Exercise: Copy each line below exactly and leave the pictures out.

Collected data:
§ §
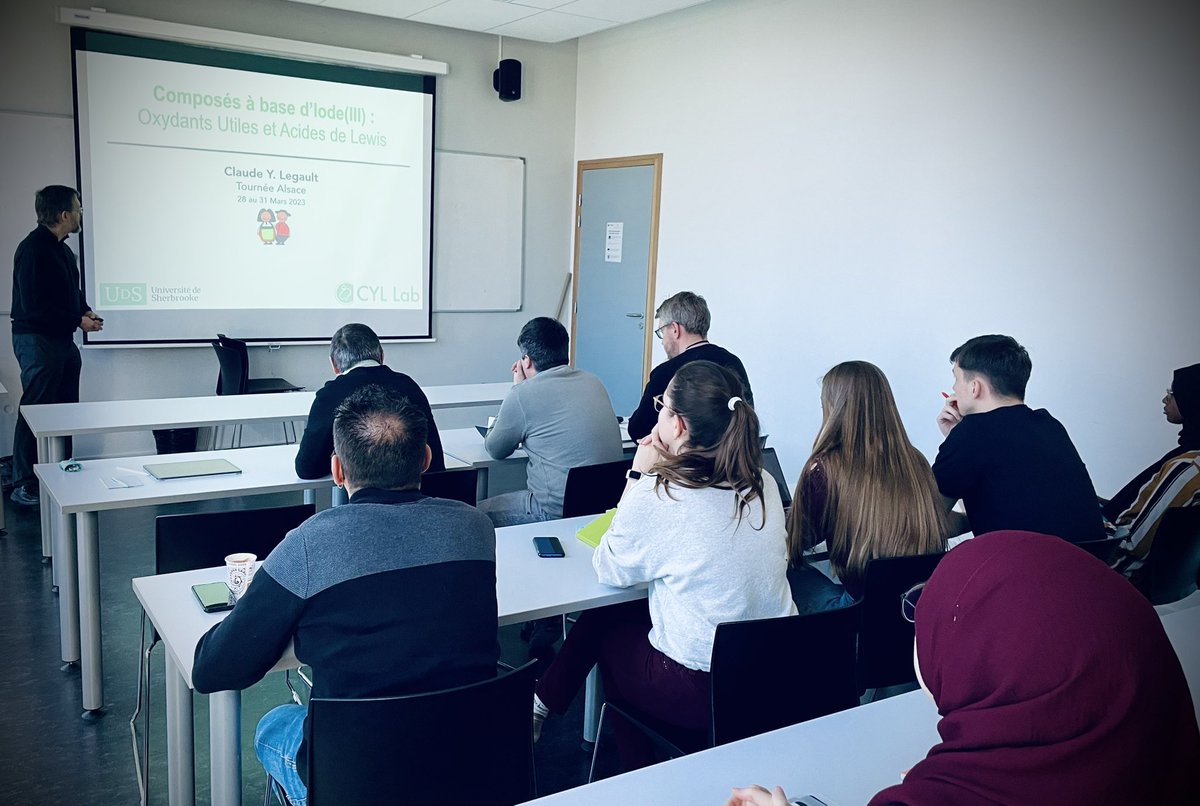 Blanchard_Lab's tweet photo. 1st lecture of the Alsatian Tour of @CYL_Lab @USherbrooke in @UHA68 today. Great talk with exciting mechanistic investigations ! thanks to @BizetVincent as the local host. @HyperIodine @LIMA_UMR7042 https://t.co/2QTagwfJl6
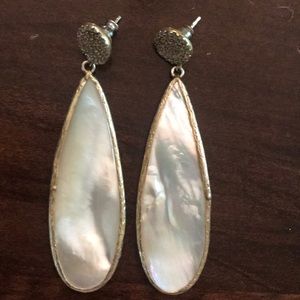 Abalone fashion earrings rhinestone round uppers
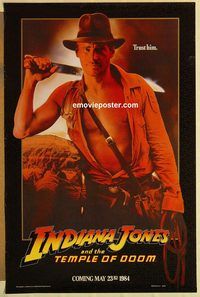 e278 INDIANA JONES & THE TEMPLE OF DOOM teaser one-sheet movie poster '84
§ §
Answer box:
 Blanchard_Lab's tweet photo. 1st lecture of the Alsatian Tour of @CYL_Lab @USherbrooke in @UHA68 today. Great talk with exciting mechanistic investigations ! thanks to @BizetVincent as the local host. @HyperIodine @LIMA_UMR7042 https://t.co/2QTagwfJl6
 Abalone fashion earrings rhinestone round uppers
 e278 INDIANA JONES & THE TEMPLE OF DOOM teaser one-sheet movie poster '84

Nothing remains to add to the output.